Les géants du numérique surveillent-ils de plus en plus notre âge sur Internet ? C’est la question brûlante que soulève l’expérimentation actuelle de Google aux États-Unis. Armée de nouvelles technologies basées sur le machine learning, l’entreprise ambitionne de deviner l’âge de ses utilisateurs et de filtrer les contenus en conséquence sur tous ses produits. Mais comment ce système fonctionne-t-il dans la pratique ? Quels impacts directs et indirects aura-t-il sur notre navigation, notre vie privée et, surtout, la jeunesse ?
Google explique qu’il recoupe plusieurs types d’informations provenant des comptes utilisateurs, telles que les recherches effectuées ou les catégories de vidéos consommées sur YouTube, pour estimer l’âge des internautes. D’après la firme, si l’algorithme identifie un compte comme appartenant à un mineur, une notification est alors envoyée à l’utilisateur, listant les changements à attendre. Mais ce dispositif sera-t-il infaillible ou risque-t-il d’étiqueter à tort certains profils adultes comme « trop jeunes » ?
Pour les comptes jugés mineurs, le géant californien prévoit une série de restrictions. Google désactive la timeline sur Maps, coupe la personnalisation des publicités, interdit l’accès aux applications réservées aux adultes sur le Play Store, et impose des rappels de pause ou de coucher sur YouTube. Cette technologie ira-t-elle jusqu’à priver certains jeunes d’informations légitimes ou utiles sous prétexte de protection ? D’autre part, si un utilisateur pense être victime d’une erreur, il peut faire appel et prouver sa majorité avec une pièce d’identité ou un simple selfie.
Dans une ère où l’intelligence artificielle définit nos profils, la frontière entre protection des jeunes et surveillance généralisée devient de plus en plus floue.
Google n’est pas le seul sur ce créneau : Instagram et Roblox expérimentent également des outils d’estimation d’âge, sous la pression croissante de la législation. Des textes comme le Online Safety Act au Royaume-Uni imposent déjà la vérification d’âge sur plusieurs plateformes, et plusieurs états américains travaillent à leur propre règlementation. Ce mouvement global, sous couvert de protéger les enfants, amorce-t-il un virage vers une ère de contrôle d’identité permanent en ligne ? Où se trouve la limite entre sécurité et intrusion dans la vie privée numérique des utilisateurs ?
La firme de Mountain View se veut rassurante : « L’assurance de l’âge nous permet de garantir que les adultes peuvent accéder aux informations et services dont ils ont besoin, tout en appliquant les protections nécessaires pour nos utilisateurs plus jeunes. Notre méthode combine estimation et, si besoin, vérification de l’âge », souligne-t-elle dans un billet de blog officiel. Mais cet équilibre fragile résistera-t-il aux tentations commerciales et aux éventuels abus d’un tel système ?

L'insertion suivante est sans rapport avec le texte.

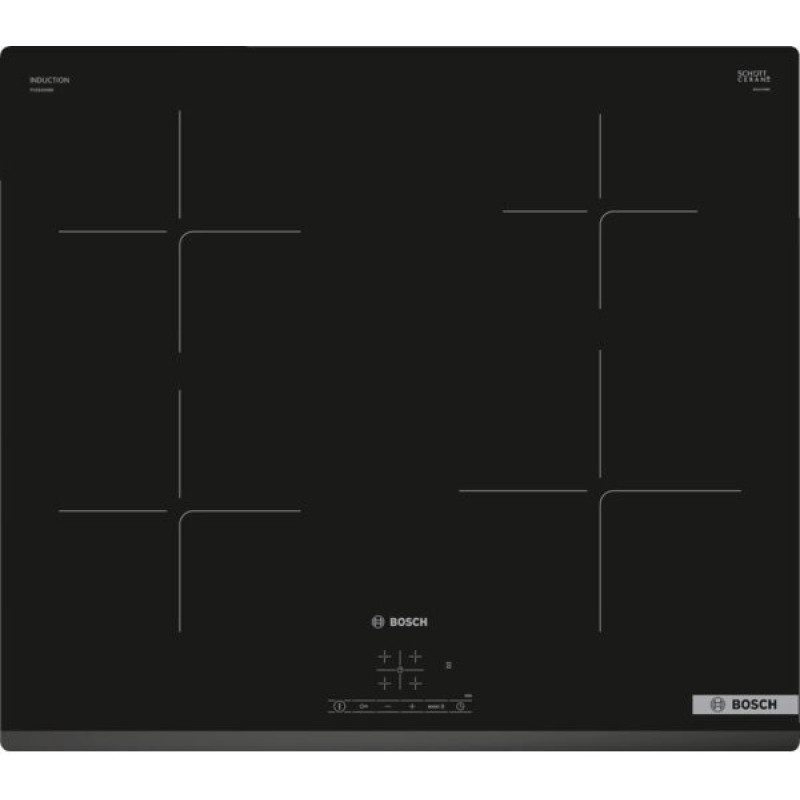Bosch Įmontuojama indukcinė kaitlentė Bosch PUE63KBB6E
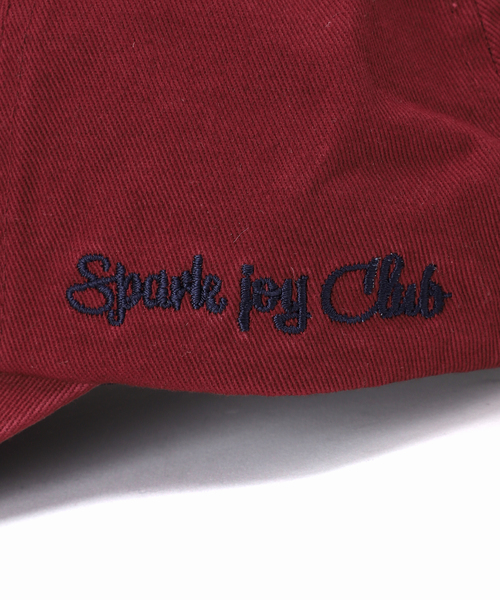 upperhights(アッパーハイツ)の「【upper hights/アッパーハイツ】別注 Baseball Cap(キャップ・レディース・ベージュ/ボルドー/ブラック系その他・FREE)」の20枚目の写真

En expérimentant déjà ces technologies sur YouTube et désormais sur l’ensemble des comptes Google américains, l’entreprise pose la première pierre d’une nouvelle norme mondiale. Reste à savoir si ce filtrage algorithmique façonnera un Web réellement plus sûr pour les jeunes… ou s’il normalisera un nouveau mode de surveillance algorithmique généralisée. Les arbitres de ces politiques seront-ils les utilisateurs et leurs données, voire les gouvernements ?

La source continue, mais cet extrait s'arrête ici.